(Brief descriptive captions)
□ □ □ □ □ □ □
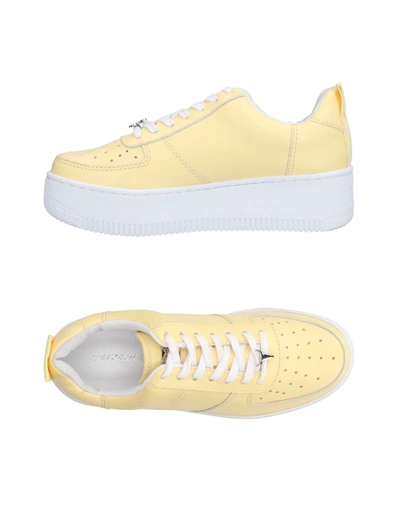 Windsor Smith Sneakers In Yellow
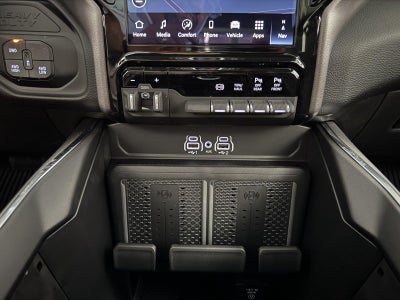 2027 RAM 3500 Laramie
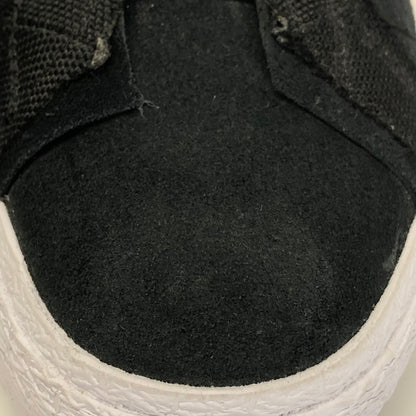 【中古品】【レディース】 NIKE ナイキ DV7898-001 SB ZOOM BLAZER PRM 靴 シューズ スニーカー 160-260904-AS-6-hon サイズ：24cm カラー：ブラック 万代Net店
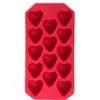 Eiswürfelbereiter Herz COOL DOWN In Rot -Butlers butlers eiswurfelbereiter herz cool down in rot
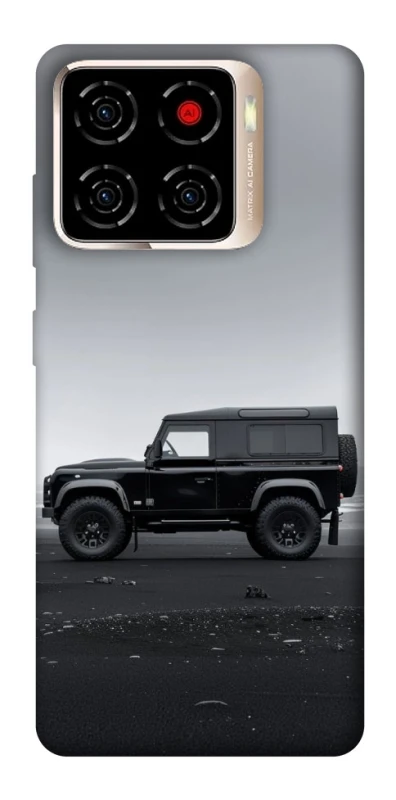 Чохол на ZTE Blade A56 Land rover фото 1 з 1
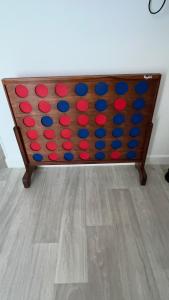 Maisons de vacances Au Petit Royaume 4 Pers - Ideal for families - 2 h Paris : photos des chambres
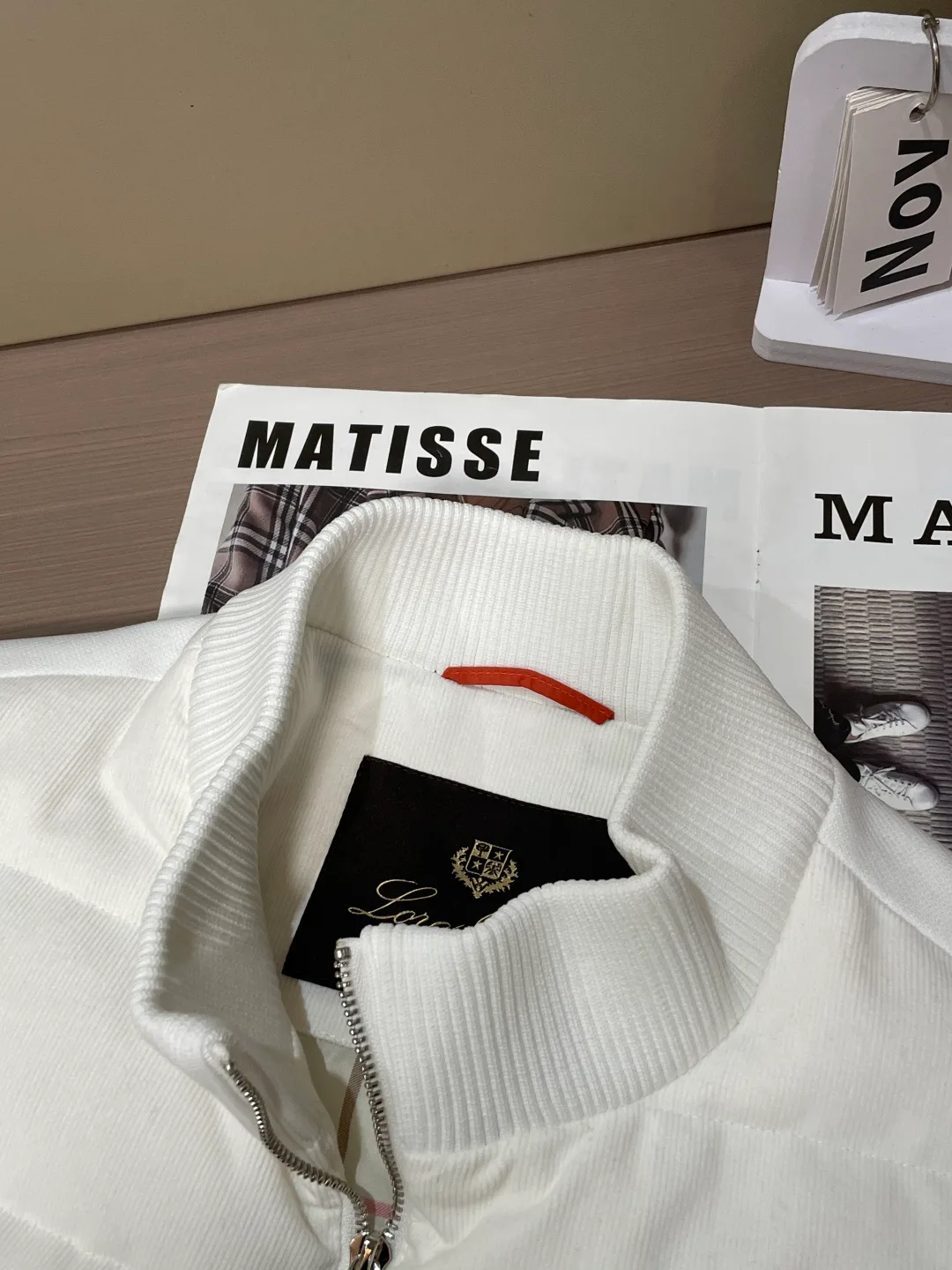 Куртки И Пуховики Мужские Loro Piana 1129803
□ □ □ □ □ □ □
• **About this task**
Keep the pictures out, and write out the rest of the data above word for word.

• **Exercise result**
 Windsor Smith Sneakers In Yellow
 2027 RAM 3500 Laramie
 【中古品】【レディース】 NIKE ナイキ DV7898-001 SB ZOOM BLAZER PRM 靴 シューズ スニーカー 160-260904-AS-6-hon サイズ：24cm カラー：ブラック 万代Net店
 Eiswürfelbereiter Herz COOL DOWN In Rot -Butlers butlers eiswurfelbereiter herz cool down in rot
 Чохол на ZTE Blade A56 Land rover фото 1 з 1
 Maisons de vacances Au Petit Royaume 4 Pers - Ideal for families - 2 h Paris : photos des chambres
 Куртки И Пуховики Мужские Loro Piana 1129803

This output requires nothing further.